[DATA PROVIDED]:
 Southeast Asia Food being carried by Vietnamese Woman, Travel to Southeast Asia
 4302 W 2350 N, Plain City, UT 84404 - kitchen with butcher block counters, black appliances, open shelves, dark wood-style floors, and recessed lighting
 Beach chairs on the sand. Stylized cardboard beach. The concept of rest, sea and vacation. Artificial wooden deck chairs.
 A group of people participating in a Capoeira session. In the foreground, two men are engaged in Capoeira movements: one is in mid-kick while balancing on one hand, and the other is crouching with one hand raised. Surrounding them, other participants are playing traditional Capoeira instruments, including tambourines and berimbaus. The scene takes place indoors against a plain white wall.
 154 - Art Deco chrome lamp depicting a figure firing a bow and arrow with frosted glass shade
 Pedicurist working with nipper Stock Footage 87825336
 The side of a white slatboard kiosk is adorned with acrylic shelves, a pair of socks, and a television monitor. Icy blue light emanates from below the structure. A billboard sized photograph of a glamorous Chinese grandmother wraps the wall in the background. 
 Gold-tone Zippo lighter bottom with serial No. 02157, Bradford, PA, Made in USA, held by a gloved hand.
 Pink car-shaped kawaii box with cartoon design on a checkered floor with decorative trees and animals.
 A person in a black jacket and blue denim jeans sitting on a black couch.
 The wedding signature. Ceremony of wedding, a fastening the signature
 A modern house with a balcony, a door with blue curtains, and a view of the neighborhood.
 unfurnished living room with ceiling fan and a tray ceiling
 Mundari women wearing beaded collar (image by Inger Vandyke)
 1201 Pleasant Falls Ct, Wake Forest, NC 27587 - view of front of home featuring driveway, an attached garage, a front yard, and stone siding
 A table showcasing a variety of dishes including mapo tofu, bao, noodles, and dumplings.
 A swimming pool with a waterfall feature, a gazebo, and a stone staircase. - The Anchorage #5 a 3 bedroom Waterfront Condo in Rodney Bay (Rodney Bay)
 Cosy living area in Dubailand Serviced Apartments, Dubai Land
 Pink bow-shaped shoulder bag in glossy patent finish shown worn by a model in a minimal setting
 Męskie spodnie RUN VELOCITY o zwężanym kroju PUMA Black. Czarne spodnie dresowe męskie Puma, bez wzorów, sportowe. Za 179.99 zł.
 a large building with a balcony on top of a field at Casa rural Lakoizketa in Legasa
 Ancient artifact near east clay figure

[YOUR GOAL]: Write the entries above out again, unchanged and complete.

[RESPONSE BELOW]:
 Southeast Asia Food being carried by Vietnamese Woman, Travel to Southeast Asia
 4302 W 2350 N, Plain City, UT 84404 - kitchen with butcher block counters, black appliances, open shelves, dark wood-style floors, and recessed lighting
 Beach chairs on the sand. Stylized cardboard beach. The concept of rest, sea and vacation. Artificial wooden deck chairs.
 A group of people participating in a Capoeira session. In the foreground, two men are engaged in Capoeira movements: one is in mid-kick while balancing on one hand, and the other is crouching with one hand raised. Surrounding them, other participants are playing traditional Capoeira instruments, including tambourines and berimbaus. The scene takes place indoors against a plain white wall.
 154 - Art Deco chrome lamp depicting a figure firing a bow and arrow with frosted glass shade
 Pedicurist working with nipper Stock Footage 87825336
 The side of a white slatboard kiosk is adorned with acrylic shelves, a pair of socks, and a television monitor. Icy blue light emanates from below the structure. A billboard sized photograph of a glamorous Chinese grandmother wraps the wall in the background. 
 Gold-tone Zippo lighter bottom with serial No. 02157, Bradford, PA, Made in USA, held by a gloved hand.
 Pink car-shaped kawaii box with cartoon design on a checkered floor with decorative trees and animals.
 A person in a black jacket and blue denim jeans sitting on a black couch.
 The wedding signature. Ceremony of wedding, a fastening the signature
 A modern house with a balcony, a door with blue curtains, and a view of the neighborhood.
 unfurnished living room with ceiling fan and a tray ceiling
 Mundari women wearing beaded collar (image by Inger Vandyke)
 1201 Pleasant Falls Ct, Wake Forest, NC 27587 - view of front of home featuring driveway, an attached garage, a front yard, and stone siding
 A table showcasing a variety of dishes including mapo tofu, bao, noodles, and dumplings.
 A swimming pool with a waterfall feature, a gazebo, and a stone staircase. - The Anchorage #5 a 3 bedroom Waterfront Condo in Rodney Bay (Rodney Bay)
 Cosy living area in Dubailand Serviced Apartments, Dubai Land
 Pink bow-shaped shoulder bag in glossy patent finish shown worn by a model in a minimal setting
 Męskie spodnie RUN VELOCITY o zwężanym kroju PUMA Black. Czarne spodnie dresowe męskie Puma, bez wzorów, sportowe. Za 179.99 zł.
 a large building with a balcony on top of a field at Casa rural Lakoizketa in Legasa
 Ancient artifact near east clay figure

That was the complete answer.